Y	Hacker News new \| ask \| show \| jobs

by aseipp 1412 days ago

The example code uses an atomic store instruction in order to write values from threads to a memory location, and then an atomic read to read them. The system guarantees that a read of a previously written location is consistent with a subsequent write, i.e. "you always read the thing you just wrote" (on x86, this guarantee is called "Total Store Ordering.") Reads and writes to a memory location are translated to messages on a memory bus, and that is connected to a memory controller, which the CPUs use to talk to the memory they have available. The memory controller is responsible for ensuring every CPU sees a consistent view of memory according to the respective platform memory ordering rules, and with respect to the incoming read/write requests from various CPUs. (There are also caches between the DRAM and CPU here but they are just another layer in the hierarchy and aren't so material to the high-level view, because you can keep adding layers, and indeed some systems even have L1, L2, L3, and L4 caches!)

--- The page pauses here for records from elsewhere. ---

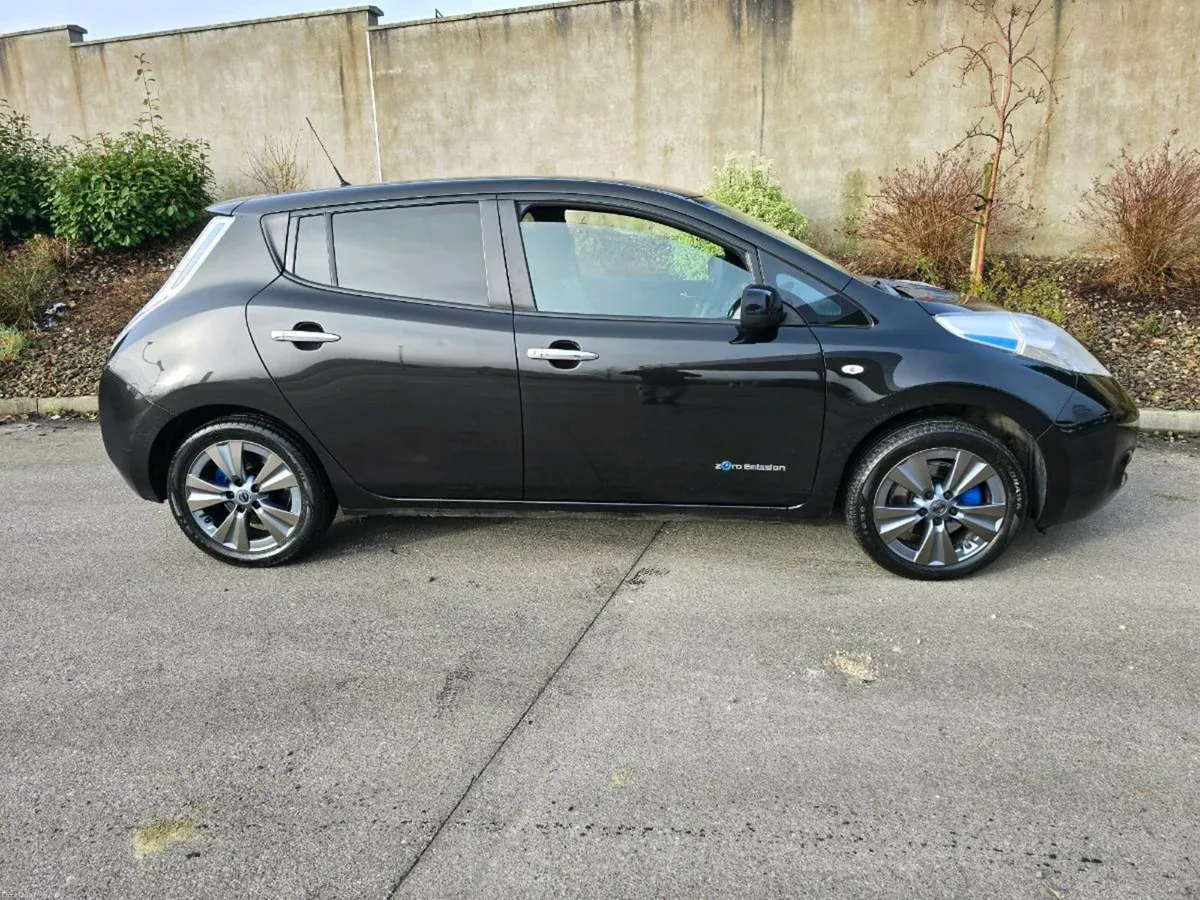 171Nissan Leaf Tekna 30Kwh NewNct LowMil 11bar - Image 2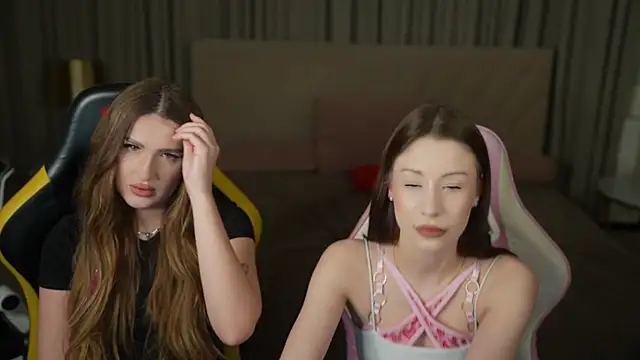 Snapshot of Selena_Glow chatting on 20, 4, 2026 Selena Glow online show from 20, 4, 2026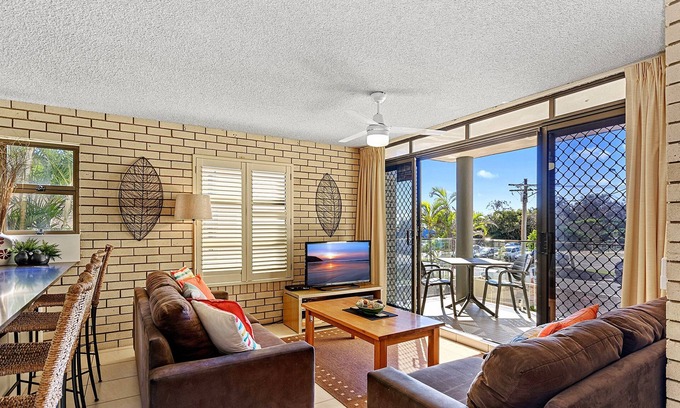 Maroochydore Apartment | Beachfront Bliss at 6 Seabelle - Pool & Spa Retreat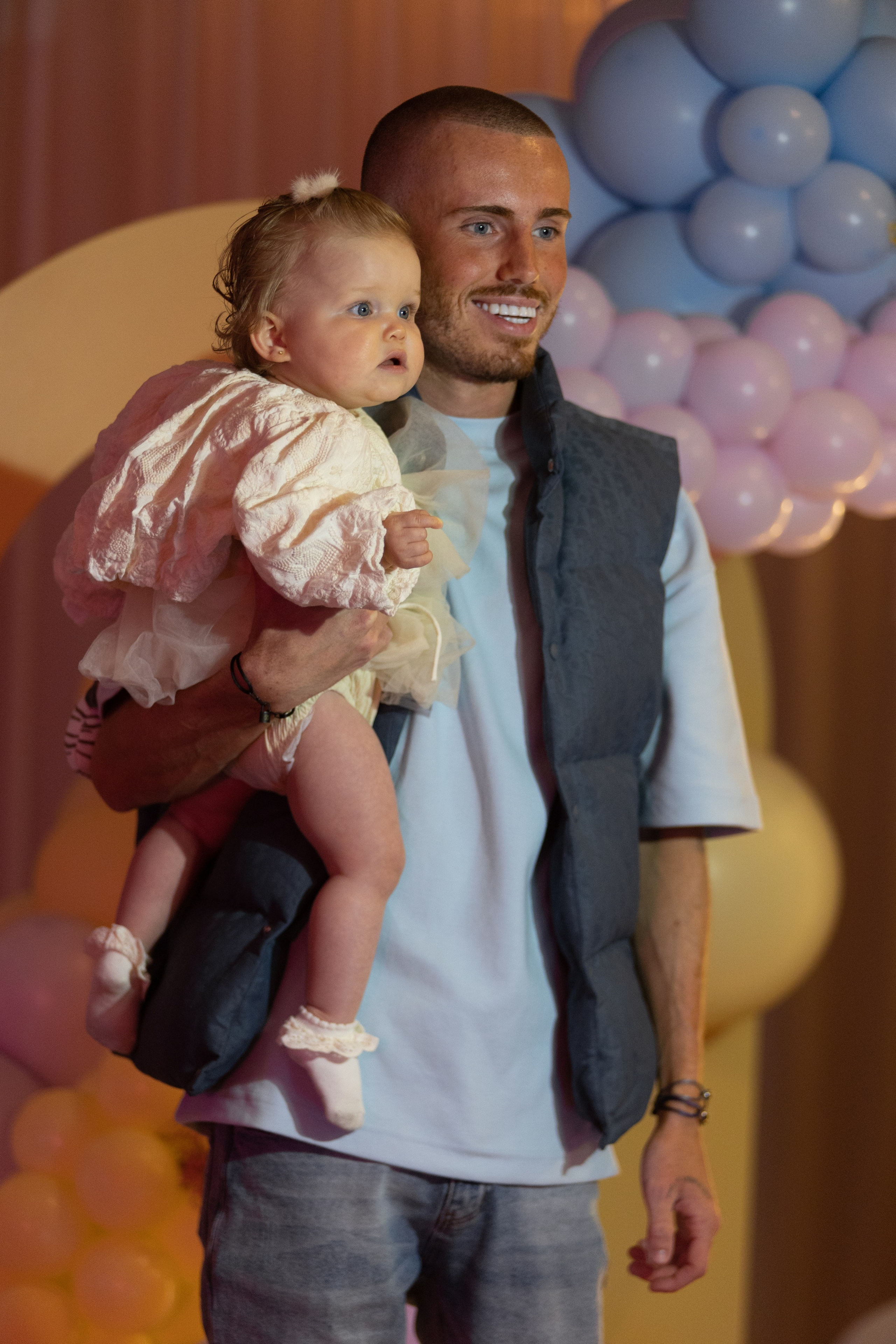 1 st Birthday. Portrait and Family Photographer in Netherlands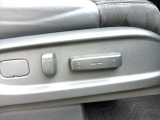 運転席はパワーシートとなっております!きめ細かい位置調整が可能です!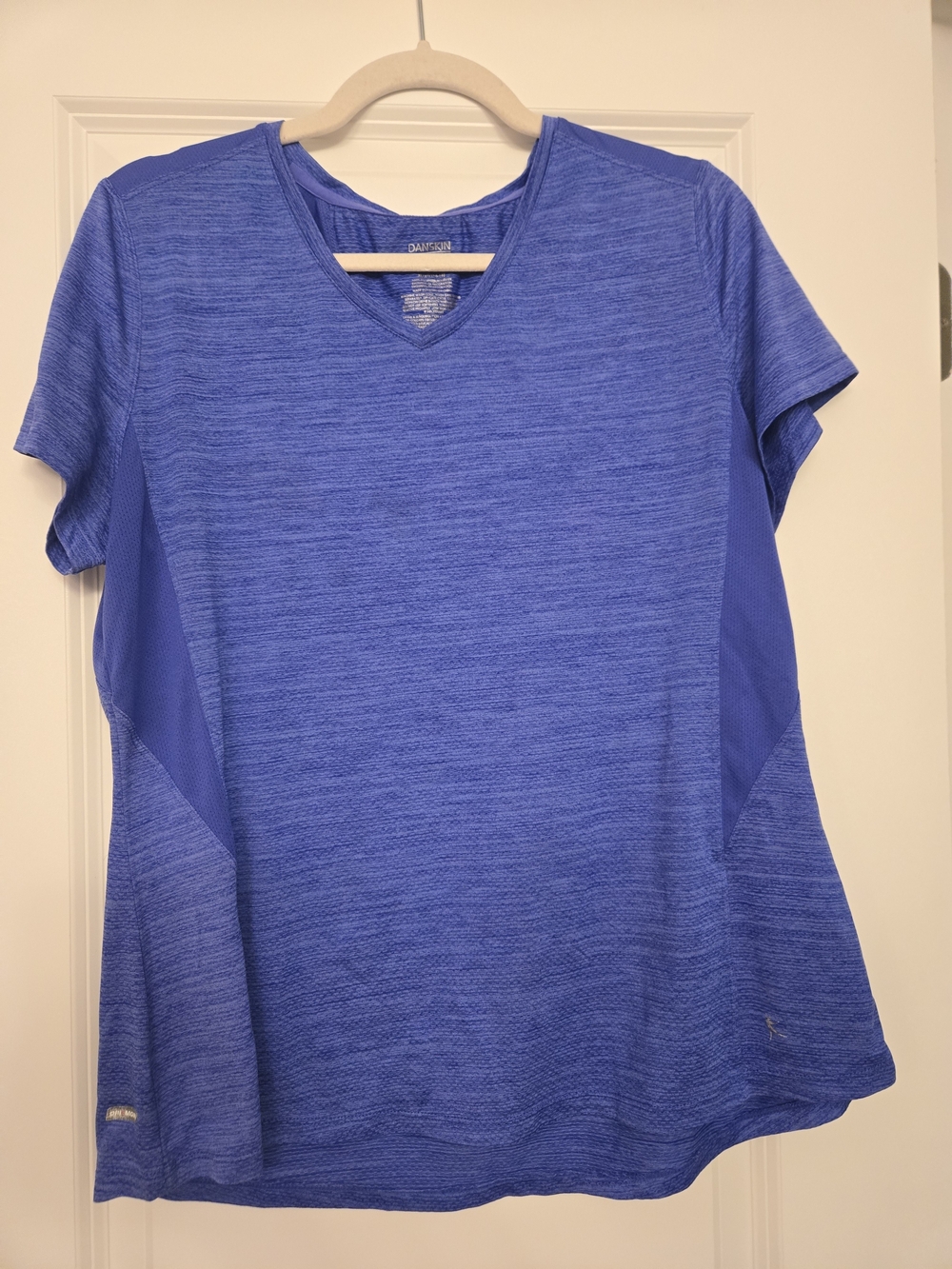 🌤Danskin Royal Blue Short Sleeve V-Neck Performance Tee🌤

A CPU will normally translate atomic instructions like "store this 32-bit value to this address" into special messages on the memory bus. Atomic operations it turns out are already normally implemented in the message protocol between cores and memory fabric, so you just translate the atomic instructions into atomic messages "for free" and let the controller sort it out. But the rules of how instructions flow across the memory bus is complicated because the topology of modern CPUs is complicated. They are divided, partitioned into NUMA domains, have various caches that are shared or not shared between 1-2-or-4-way clusters, et cetera. They must still obey the memory consistency rules defined by the platform, and all the caches and interconnects between them. As a result, there isn't necessarily a uniform measurement of time for any particular write to location X from a core to be visible to another core when it reads X; you have to measure it to see how the system responds, which might include expensive operations like flushing the cache. It turns out two cores that are very far away will just take more time to see a message, since the bus path will likely be longer -- the latency will be higher for a core-to-core memory write where the write will be visible consistently.

So when you're designing high performance algorithms and systems, you want to keep the CPU topology and memory hierarchy in mind. That's the most important takeaway. From that standpoint, these heatmaps are simply useful ways of characterizing the baseline performance of some basic operations between CPUs, so you might get an idea of how topology affects memory latency.